A combination of high levels of student debt, high housing costs and limited employment opportunities have lead a growing number of young adults in the Americas to either remain in the parental home for longer or to return to it once they have completed their higher education.
While 20- and 30-something children living with their parents in the family home has long been an established social trend in Southern European countries like Italy, Greece and Spain (where it has been cited as a factor in the mass demonstrations that erupted in Madrid’s Puerta del Sol and elsewhere during May 2011), it is also becoming increasingly important in the Americas, both North (where they have been dubbed the “boomerang generation”) and South.

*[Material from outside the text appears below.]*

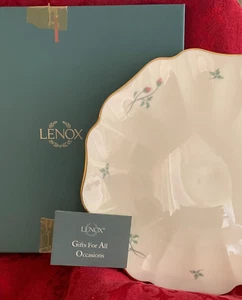 NIB Lenox Rose Manor 11.75 in Cake Plate Serving Plate Platter with Box and Card - Picture 1 of 8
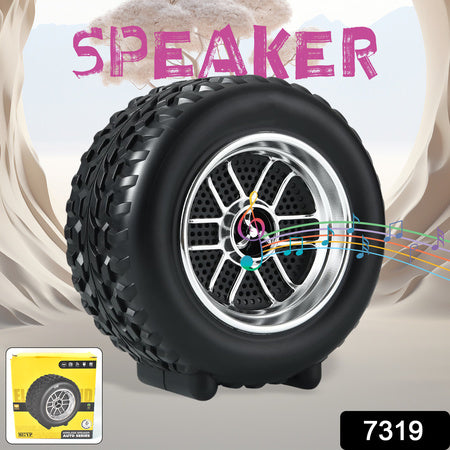 Portable Tyre  Wheel Shape Wireless Bluetooth Speaker (1 Pc) Wukusy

Take the case of 23-year-old Michael Doughty, from Shreveport in Mississippi: When he graduated from college in 2009, he envisioned a well-paying job, a nice apartment and perhaps a new car. Two years later, he works occasionally as a substitute teacher and is living at home with his parents: “I went to school for four-and-a-half years to learn a trade and to better myself so I could have a better employment opportunity. I’ve been hitting the pavement, but I just can’t really get anything rolling.”
Soaring student debt, lack of job opportunities and growth of internships all factors
Young Americans are often saddled with a mountain of debt: According to data from the U.S. Education Department, federal student-loan disbursements jumped by a quarter, to US$75.1 billion, during the 2008-2009 academic year, as economic conditions deteriorated markedly. According to Barmak Nassirian, associate executive director of the American Association of Collegiate Registrars and Admissions Officers, “Loans have gone from being the exception to being the norm for most students.”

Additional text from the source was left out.